STORED DATA:
========================================================================
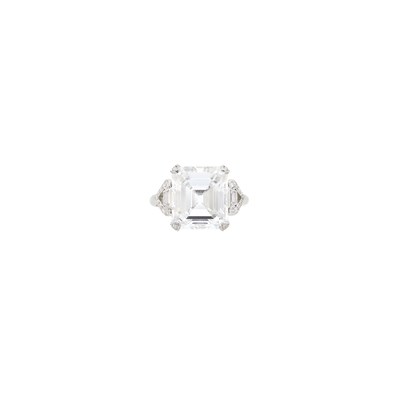 Lot 285 - Platinum and Diamond Ring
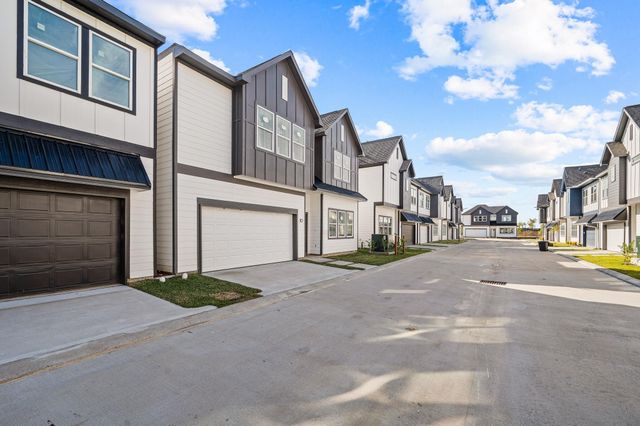 6702 Metro Village Blvd 10, Houston, TX 77083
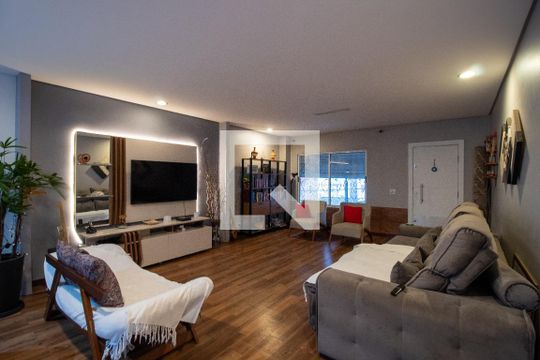 Casa à venda com 3 quartos, 200m² em Butantã, São Paulo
========================================================================
REQUIREMENT: Could you set down the data exactly as given, minus its pictures?

WORKED SOLUTION:
 Lot 285 - Platinum and Diamond Ring
 6702 Metro Village Blvd 10, Houston, TX 77083
 Casa à venda com 3 quartos, 200m² em Butantã, São Paulo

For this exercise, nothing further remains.